The Norwegian Data Protection Authority (DPA) Monday fined the popular queer dating app Grindr for sharing users’ personal data with third parties, including ad tech companies MoPub, Xandr, OpenX, AdColony and Smaato.
The decision stems from a complaint filed by the Norwegian Consumer Council (NCC), a nonprofit organization, in January 2020 alleging that the app shares location, IP address, gender, age and device information with several different companies and advertising partners.
The DPA found that Grindr violated Articles 6(1) and 9(1) of the General Data Protection Regulation (GDPR) for disclosing personal data without legal basis and disclosing special category personal data without valid exemptions. Grindr argued it had the consent of its users as a legal basis for sharing personal data, but the DPA disagreed and found that users were not properly informed about the company’s privacy policy and consent was not properly given.
Further, access to the app was conditional on consenting to data-sharing with third-party advertising even though it was unrelated to the performance of Grindr’s dating services. Users were only given the option to withdraw their consent upon paying a subscription fee, which could unduly affect their decision on granting and revoking consent.
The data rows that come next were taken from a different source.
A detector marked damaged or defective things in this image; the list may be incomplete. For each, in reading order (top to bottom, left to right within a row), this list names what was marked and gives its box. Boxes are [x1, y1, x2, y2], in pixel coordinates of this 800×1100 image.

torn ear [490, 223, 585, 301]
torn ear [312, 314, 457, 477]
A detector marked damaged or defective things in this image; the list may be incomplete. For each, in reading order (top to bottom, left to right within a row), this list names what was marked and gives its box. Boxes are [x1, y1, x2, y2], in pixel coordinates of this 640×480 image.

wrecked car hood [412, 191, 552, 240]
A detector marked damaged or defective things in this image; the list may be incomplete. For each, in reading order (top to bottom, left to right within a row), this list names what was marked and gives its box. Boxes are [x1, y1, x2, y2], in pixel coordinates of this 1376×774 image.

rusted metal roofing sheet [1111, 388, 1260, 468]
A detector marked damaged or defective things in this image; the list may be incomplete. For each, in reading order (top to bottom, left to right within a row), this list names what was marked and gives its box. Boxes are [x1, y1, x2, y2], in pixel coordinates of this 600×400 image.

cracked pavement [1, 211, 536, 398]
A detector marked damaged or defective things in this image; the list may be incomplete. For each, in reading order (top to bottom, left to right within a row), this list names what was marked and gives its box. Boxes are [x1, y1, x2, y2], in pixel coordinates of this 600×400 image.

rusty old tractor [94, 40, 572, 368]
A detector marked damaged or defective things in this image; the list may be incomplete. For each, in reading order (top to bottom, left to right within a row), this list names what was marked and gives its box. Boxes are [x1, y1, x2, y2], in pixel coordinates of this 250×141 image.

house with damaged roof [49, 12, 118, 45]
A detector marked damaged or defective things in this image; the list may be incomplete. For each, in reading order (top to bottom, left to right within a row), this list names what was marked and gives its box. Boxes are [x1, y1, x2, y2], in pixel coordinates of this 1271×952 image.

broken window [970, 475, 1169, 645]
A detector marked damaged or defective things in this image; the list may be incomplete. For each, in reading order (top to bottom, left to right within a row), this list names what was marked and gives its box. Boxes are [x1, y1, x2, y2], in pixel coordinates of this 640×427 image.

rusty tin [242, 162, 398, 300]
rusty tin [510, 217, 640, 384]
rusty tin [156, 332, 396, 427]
The NCC welcomed this decision as a victory for the movement against surveillance-based advertising:
This sends a strong signal to all companies involved in commercial surveillance. There are serious repercussions to sharing personal data without a legal basis. We call for the digital advertising industry, which is responsible for tracking and profiling consumers on a massive scale, to make fundamental changes to respect consumers’ rights.
The DPA has imposed a fine of 65 million NOK (€6.42 million), subject to appeal before the Norwegian Privacy Appeals Board. The European Center for Digital Rights (Noyb) filed a similar complaint against Grindr before the Austrian DPA last month.